>>

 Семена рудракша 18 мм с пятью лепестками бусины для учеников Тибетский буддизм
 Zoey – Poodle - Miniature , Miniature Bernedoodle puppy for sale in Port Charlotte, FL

<<
>>

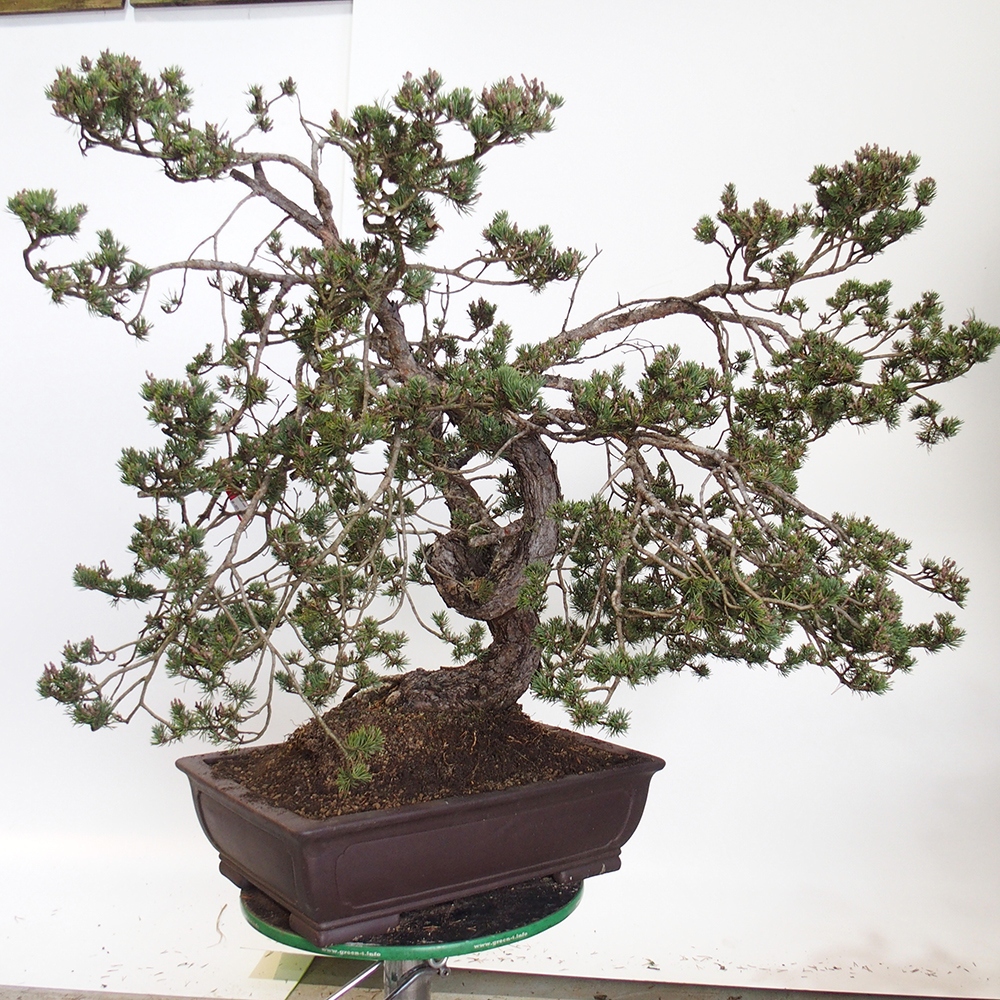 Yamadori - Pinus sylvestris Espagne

<<
>>

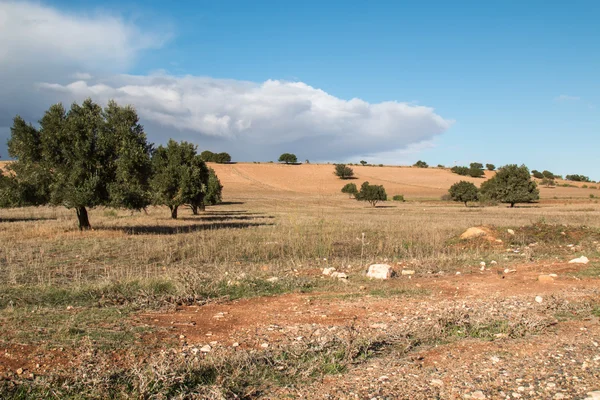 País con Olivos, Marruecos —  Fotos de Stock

<<

◆ **WHAT YOU ARE ASKED TO DO**
Look through the entries above and quote exactly the lines from the line with "Семена рудракша 18" to the line with "Zoey – Poodle", counting both of those lines.

◆ **ANSWER TO THIS EXERCISE**
 Семена рудракша 18 мм с пятью лепестками бусины для учеников Тибетский буддизм
 Zoey – Poodle - Miniature , Miniature Bernedoodle puppy for sale in Port Charlotte, FL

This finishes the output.